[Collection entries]
###
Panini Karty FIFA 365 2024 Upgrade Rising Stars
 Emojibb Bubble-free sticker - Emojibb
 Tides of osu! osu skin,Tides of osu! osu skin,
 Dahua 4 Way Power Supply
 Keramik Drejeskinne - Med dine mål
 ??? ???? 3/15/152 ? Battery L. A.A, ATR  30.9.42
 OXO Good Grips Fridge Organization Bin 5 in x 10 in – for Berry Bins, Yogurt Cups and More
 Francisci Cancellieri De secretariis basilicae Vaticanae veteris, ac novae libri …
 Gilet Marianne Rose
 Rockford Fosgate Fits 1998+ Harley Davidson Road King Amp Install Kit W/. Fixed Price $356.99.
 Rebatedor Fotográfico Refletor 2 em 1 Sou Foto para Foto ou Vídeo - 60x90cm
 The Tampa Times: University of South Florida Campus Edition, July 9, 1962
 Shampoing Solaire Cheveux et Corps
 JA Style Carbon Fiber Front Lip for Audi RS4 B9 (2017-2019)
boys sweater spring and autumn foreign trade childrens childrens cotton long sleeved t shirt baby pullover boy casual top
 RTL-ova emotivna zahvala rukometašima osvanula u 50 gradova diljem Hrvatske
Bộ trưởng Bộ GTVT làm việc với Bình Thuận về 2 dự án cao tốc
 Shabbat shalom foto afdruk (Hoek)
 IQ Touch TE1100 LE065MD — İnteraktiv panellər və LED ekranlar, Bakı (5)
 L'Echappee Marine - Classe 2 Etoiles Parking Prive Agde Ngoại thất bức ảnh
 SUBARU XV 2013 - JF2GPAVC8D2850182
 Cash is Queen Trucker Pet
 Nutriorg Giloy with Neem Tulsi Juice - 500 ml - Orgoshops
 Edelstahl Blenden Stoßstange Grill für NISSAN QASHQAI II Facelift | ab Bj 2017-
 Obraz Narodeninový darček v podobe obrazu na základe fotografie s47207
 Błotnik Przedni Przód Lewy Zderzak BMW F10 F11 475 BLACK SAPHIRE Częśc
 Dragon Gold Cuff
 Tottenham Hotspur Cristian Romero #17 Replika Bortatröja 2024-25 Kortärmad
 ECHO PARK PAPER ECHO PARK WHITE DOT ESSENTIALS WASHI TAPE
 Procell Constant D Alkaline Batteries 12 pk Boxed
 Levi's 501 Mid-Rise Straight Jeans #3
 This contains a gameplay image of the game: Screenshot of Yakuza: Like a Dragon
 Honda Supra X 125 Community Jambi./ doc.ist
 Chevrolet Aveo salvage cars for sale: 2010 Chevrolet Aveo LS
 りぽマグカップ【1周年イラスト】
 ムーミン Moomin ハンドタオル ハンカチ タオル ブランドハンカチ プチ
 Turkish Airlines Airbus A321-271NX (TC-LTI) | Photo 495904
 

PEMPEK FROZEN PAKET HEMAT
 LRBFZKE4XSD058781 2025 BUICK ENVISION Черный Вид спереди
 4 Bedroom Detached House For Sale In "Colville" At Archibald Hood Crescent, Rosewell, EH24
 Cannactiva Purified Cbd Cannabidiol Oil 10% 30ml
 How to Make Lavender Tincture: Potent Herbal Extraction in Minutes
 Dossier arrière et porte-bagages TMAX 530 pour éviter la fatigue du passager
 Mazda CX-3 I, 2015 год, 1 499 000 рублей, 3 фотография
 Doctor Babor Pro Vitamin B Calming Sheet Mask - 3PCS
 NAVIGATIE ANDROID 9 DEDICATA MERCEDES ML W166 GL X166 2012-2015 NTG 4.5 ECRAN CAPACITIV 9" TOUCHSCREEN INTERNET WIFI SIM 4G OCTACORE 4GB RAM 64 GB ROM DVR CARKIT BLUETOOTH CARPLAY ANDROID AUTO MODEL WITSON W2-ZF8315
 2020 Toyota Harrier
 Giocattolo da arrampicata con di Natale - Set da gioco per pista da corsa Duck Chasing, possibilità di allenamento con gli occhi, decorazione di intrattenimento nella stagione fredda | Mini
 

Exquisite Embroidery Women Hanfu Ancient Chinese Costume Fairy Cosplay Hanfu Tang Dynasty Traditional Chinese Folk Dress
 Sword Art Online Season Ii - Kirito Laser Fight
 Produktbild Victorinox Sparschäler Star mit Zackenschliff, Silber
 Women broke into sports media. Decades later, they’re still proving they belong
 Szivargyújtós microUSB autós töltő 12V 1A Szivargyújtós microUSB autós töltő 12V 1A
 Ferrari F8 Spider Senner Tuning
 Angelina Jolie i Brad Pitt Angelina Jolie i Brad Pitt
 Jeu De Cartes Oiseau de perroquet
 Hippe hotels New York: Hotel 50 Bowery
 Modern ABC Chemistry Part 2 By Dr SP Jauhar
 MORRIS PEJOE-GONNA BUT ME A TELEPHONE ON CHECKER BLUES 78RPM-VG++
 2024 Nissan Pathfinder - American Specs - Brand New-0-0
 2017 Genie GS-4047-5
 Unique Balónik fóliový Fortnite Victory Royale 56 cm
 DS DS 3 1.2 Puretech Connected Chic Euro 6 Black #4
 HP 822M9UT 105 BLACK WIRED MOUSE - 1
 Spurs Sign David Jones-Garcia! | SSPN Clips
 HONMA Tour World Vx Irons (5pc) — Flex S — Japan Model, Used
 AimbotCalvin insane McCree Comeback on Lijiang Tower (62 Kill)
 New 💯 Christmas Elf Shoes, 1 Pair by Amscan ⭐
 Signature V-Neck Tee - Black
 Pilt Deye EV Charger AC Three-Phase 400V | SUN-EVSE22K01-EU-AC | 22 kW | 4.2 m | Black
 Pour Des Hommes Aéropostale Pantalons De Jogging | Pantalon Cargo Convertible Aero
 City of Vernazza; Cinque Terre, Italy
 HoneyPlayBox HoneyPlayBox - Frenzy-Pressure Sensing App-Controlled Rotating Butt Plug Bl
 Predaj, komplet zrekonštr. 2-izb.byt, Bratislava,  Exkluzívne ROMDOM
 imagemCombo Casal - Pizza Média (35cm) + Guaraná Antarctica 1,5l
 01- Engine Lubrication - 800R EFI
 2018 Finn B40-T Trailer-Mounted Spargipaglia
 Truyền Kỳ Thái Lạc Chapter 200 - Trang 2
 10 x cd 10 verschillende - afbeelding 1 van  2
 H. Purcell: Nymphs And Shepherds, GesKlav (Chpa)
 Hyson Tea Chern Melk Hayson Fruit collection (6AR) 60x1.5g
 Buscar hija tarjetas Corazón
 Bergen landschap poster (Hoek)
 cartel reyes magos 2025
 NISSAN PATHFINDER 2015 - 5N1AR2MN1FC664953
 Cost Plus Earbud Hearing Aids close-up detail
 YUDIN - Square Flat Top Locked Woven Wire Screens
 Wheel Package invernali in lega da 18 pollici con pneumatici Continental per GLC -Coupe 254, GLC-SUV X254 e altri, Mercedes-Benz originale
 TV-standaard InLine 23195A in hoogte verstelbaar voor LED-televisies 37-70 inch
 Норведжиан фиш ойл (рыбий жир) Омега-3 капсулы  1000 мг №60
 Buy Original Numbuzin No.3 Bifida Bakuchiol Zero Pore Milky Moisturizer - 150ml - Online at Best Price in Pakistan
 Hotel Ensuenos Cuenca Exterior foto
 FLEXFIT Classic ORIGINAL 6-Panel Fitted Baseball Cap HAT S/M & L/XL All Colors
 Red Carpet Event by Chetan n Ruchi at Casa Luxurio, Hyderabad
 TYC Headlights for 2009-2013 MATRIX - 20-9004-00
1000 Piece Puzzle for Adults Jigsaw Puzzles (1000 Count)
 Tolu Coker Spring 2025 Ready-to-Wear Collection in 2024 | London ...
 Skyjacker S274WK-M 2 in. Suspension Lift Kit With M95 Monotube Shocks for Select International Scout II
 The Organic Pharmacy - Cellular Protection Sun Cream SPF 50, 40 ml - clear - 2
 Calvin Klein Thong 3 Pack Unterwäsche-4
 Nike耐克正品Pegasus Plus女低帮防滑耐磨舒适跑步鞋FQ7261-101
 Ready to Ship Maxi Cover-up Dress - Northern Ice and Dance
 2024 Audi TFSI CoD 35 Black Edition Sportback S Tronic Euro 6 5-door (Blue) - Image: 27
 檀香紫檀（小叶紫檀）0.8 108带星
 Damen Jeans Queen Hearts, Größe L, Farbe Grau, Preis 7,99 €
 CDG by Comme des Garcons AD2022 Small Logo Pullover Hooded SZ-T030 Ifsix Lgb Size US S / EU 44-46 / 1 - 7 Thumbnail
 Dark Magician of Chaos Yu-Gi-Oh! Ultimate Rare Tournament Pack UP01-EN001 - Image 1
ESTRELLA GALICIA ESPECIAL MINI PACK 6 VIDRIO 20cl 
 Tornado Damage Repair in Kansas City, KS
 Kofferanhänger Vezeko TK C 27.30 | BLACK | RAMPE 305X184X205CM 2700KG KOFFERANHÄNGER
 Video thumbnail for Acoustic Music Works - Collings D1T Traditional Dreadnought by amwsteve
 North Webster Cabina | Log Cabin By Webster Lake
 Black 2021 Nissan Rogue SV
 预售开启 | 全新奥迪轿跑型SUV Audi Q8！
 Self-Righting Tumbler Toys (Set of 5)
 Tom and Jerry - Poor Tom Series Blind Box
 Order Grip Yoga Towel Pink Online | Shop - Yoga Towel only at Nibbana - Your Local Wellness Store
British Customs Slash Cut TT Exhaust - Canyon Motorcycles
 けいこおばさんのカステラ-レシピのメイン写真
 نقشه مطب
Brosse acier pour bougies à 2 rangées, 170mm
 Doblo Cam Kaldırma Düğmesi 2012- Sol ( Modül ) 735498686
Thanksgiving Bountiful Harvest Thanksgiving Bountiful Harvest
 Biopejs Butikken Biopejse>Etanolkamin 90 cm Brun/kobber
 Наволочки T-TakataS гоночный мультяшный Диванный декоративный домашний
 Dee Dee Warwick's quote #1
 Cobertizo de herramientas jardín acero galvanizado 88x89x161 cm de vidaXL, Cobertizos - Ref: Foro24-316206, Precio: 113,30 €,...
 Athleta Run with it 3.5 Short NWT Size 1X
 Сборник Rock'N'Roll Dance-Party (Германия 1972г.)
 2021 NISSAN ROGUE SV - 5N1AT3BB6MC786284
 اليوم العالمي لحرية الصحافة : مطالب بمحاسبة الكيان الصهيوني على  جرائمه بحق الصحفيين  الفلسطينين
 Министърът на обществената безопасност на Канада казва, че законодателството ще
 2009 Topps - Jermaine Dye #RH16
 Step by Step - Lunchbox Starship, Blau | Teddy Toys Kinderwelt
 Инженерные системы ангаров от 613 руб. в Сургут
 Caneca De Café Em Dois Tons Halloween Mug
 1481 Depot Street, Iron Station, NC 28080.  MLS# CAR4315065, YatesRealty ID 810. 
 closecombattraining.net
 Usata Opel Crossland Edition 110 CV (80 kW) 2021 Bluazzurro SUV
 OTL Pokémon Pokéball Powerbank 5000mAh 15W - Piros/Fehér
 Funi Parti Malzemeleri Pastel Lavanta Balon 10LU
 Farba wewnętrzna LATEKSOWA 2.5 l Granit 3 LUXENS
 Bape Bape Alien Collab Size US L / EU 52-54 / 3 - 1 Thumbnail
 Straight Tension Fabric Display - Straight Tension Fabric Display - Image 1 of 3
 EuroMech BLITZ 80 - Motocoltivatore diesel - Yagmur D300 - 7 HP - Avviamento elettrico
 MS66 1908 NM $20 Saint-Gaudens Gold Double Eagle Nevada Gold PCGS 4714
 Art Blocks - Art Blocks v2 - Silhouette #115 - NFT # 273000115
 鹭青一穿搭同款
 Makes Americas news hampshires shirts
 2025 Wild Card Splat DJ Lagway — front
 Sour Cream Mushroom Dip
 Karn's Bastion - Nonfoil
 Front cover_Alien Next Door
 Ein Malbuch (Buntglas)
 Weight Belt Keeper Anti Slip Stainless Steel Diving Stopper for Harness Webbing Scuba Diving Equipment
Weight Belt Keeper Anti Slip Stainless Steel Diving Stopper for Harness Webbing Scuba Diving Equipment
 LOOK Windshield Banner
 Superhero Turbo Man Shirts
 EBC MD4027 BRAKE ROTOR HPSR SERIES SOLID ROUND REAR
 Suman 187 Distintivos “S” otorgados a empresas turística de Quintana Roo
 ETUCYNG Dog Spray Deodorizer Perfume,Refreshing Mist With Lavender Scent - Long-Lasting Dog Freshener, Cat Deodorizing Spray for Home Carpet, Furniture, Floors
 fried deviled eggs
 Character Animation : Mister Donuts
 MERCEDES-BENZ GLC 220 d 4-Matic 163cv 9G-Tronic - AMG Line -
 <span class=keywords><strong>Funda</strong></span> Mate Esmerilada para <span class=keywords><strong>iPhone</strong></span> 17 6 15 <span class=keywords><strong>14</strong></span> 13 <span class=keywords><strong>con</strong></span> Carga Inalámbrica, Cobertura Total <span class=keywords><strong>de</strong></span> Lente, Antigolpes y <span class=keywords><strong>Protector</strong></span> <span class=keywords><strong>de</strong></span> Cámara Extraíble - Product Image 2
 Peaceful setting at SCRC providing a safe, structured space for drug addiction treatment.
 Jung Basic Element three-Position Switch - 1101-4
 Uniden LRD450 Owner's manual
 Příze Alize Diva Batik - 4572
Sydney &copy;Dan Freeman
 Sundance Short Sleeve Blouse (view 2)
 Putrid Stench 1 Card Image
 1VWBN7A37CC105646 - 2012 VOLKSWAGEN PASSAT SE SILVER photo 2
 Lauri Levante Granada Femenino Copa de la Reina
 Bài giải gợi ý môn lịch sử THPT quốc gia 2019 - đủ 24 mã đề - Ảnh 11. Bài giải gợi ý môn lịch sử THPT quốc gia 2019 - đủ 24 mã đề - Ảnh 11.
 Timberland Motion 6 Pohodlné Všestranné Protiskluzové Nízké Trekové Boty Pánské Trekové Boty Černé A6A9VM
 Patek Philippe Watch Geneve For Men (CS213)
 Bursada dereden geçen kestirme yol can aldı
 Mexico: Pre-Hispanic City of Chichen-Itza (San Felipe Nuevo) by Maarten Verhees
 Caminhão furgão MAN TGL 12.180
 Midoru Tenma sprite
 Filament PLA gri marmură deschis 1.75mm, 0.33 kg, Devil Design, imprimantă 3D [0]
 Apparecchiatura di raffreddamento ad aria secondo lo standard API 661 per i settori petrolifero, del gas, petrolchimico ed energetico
###
## Task prompt
Your task is to restate, word for word, only those lines above that fall between the line holding "AimbotCalvin insane McCree" and the line holding "Ready to Ship", inclusive.

## Answer box
 AimbotCalvin insane McCree Comeback on Lijiang Tower (62 Kill)
 New 💯 Christmas Elf Shoes, 1 Pair by Amscan ⭐
 Signature V-Neck Tee - Black
 Pilt Deye EV Charger AC Three-Phase 400V | SUN-EVSE22K01-EU-AC | 22 kW | 4.2 m | Black
 Pour Des Hommes Aéropostale Pantalons De Jogging | Pantalon Cargo Convertible Aero
 City of Vernazza; Cinque Terre, Italy
 HoneyPlayBox HoneyPlayBox - Frenzy-Pressure Sensing App-Controlled Rotating Butt Plug Bl
 Predaj, komplet zrekonštr. 2-izb.byt, Bratislava,  Exkluzívne ROMDOM
 imagemCombo Casal - Pizza Média (35cm) + Guaraná Antarctica 1,5l
 01- Engine Lubrication - 800R EFI
 2018 Finn B40-T Trailer-Mounted Spargipaglia
 Truyền Kỳ Thái Lạc Chapter 200 - Trang 2
 10 x cd 10 verschillende - afbeelding 1 van  2
 H. Purcell: Nymphs And Shepherds, GesKlav (Chpa)
 Hyson Tea Chern Melk Hayson Fruit collection (6AR) 60x1.5g
 Buscar hija tarjetas Corazón
 Bergen landschap poster (Hoek)
 cartel reyes magos 2025
 NISSAN PATHFINDER 2015 - 5N1AR2MN1FC664953
 Cost Plus Earbud Hearing Aids close-up detail
 YUDIN - Square Flat Top Locked Woven Wire Screens
 Wheel Package invernali in lega da 18 pollici con pneumatici Continental per GLC -Coupe 254, GLC-SUV X254 e altri, Mercedes-Benz originale
 TV-standaard InLine 23195A in hoogte verstelbaar voor LED-televisies 37-70 inch
 Норведжиан фиш ойл (рыбий жир) Омега-3 капсулы  1000 мг №60
 Buy Original Numbuzin No.3 Bifida Bakuchiol Zero Pore Milky Moisturizer - 150ml - Online at Best Price in Pakistan
 Hotel Ensuenos Cuenca Exterior foto
 FLEXFIT Classic ORIGINAL 6-Panel Fitted Baseball Cap HAT S/M & L/XL All Colors
 Red Carpet Event by Chetan n Ruchi at Casa Luxurio, Hyderabad
 TYC Headlights for 2009-2013 MATRIX - 20-9004-00
1000 Piece Puzzle for Adults Jigsaw Puzzles (1000 Count)
 Tolu Coker Spring 2025 Ready-to-Wear Collection in 2024 | London ...
 Skyjacker S274WK-M 2 in. Suspension Lift Kit With M95 Monotube Shocks for Select International Scout II
 The Organic Pharmacy - Cellular Protection Sun Cream SPF 50, 40 ml - clear - 2
 Calvin Klein Thong 3 Pack Unterwäsche-4
 Nike耐克正品Pegasus Plus女低帮防滑耐磨舒适跑步鞋FQ7261-101
 Ready to Ship Maxi Cover-up Dress - Northern Ice and Dance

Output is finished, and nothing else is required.